There is however a golden solution. You can create a one page marketing plan, the beauty of which is:
It’s concise and easily referenced
It provides visibility over budget and timelines
It saves work in the long run
Forward planning and adopting a Do & Review ethos will allow you to be more proactive, creative and budget conscious when carrying out your marketing campaigns.
So how do you write a One Page Marketing Plan?
Tip 1: Start with pre-planning
What do you want to achieve and what are your objectives?
Is it brand recognition? Do you want to infiltrate a new market? Perhaps promote a product? What is your reason for needing a marketing plan.
Tip 2: Plan your budgets and timescales for the year ahead
Did you know that 1/3 of your marketing budget should be used for acquiring new clients, whereas the other 2/3 is for communicating with existing clients. The reason for this is the majority of your business comes from repeat sales, so ensuring your current client base is happy and engaged should be your priority. It is also vital to ensure that your current customers know about everything that you offer.
With regards to the timescales, a plan will help you map deadlines, track progress, highlight events that you may want to avoid clashing with or even help identify periods in the year that your audience are most likely to be responsive.
Tip 3: Put it into a simple, one page plan
Clean and simple, you will be able to track your project process precisely and map out your marketing campaigns.
Tip 4: Who are you targeting?
The next step is identifying who your Target Audience is. Understanding your audience is a vital part of the marketing process, as you need to be able to communicate with them via the channels that they frequent; be it social media, networking events or through the post and email. Additionally you need to ensure you communicate in a way that lets them know you understand them.
Tip 5: Break down your target audience
If you have invested time in building a database of contacts or if you have purchased a list from a 3rd party, be sure to allocate a reasonable amount of time to segmenting and cleansing your database. No campaign will achieve success if the contacts you are engaging with are incorrect or out of date.
By segmenting, you can also better personalise the campaigns.
Tip 6: Get implementing…
Once your marketing plan has been finalised, you will be ready for the implementation phase. A useful tip would be to conduct a split test and trial the campaign amongst two separate audiences to find out which is the most effective. Alternatively you can try two varying campaigns with the same audience in an attempt to uncover which style of campaign works best.
Tip 7: Do and review
Marketing is all about Do and Review
Once the above steps are complete, it’s time to review.
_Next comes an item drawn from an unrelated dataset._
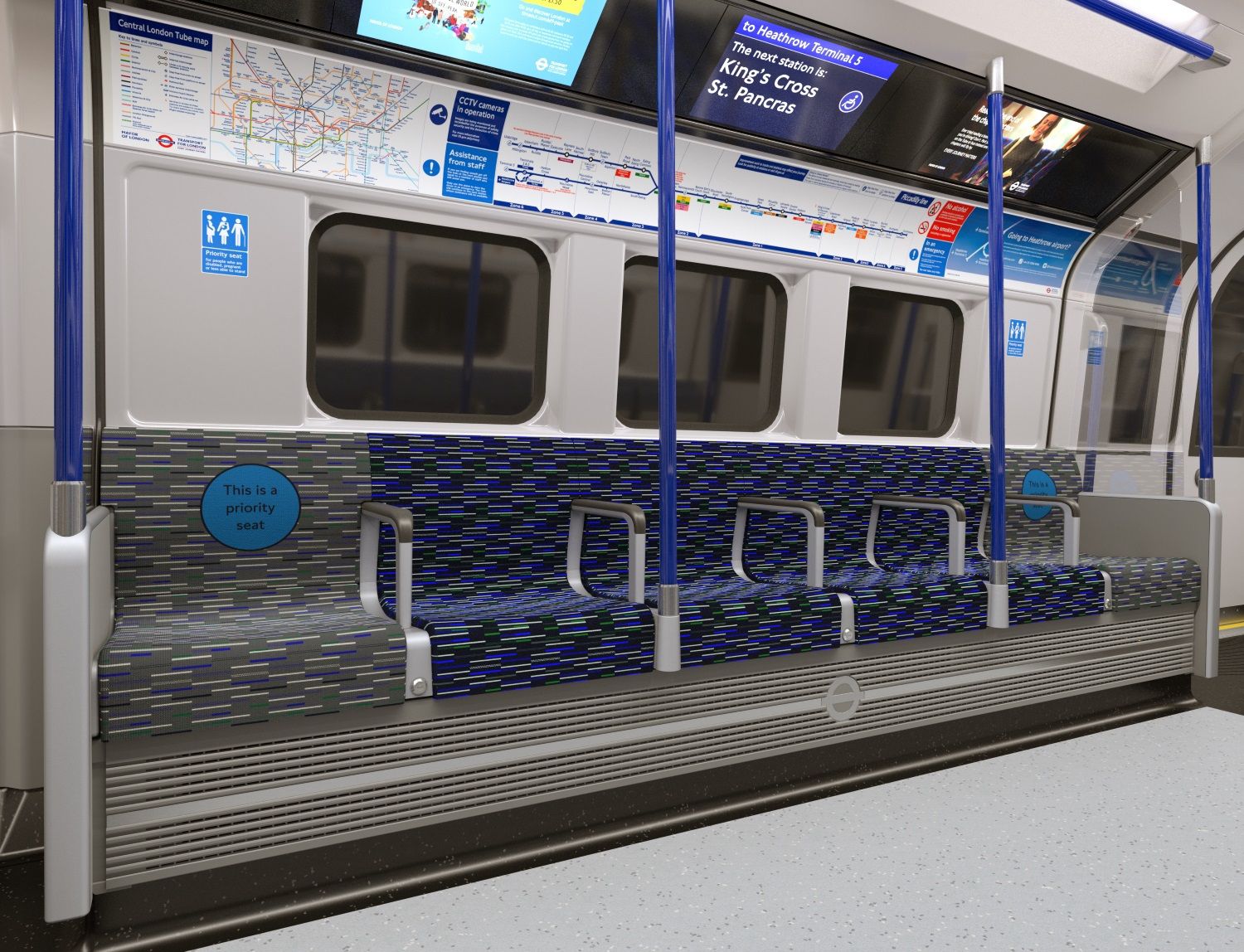 Siemens Mobility To Deliver The New Metro Trains For Londons Tube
The benefit of which is answering the questions:
What elements of the plan worked?
Which channels proved the most useful?
Which target group of your audience were the most responsive?
Leading to the million dollar question can you replicate the campaign and achieve the same level of success or greater?
Tip 8: Keep an eye on the results – measure, measure, measure
Keeping a record of your results will help with the review process. You can do this by keeping a bible or a document that measures and monitors the success of the campaign you will want to repeat in 6 months.
Tip 9: Be Creative
All of this time spent planning and executing a campaign is wasted if your visuals and messaging do not grab attention.
Focus on creativity to plan out the words and imagery which will truly grab your audience’s attention.
Tip 10: Do and review (again)
The key to marketing is to Do and Review and so useful questions to ask yourself include:
What has happened before? What has worked and failed?
How does it fit with the wider business objectives?
How will your branding impact?
How do you interact with your clients?
What are your strengths and weaknesses?
Where do you rank next to your competitors in the market?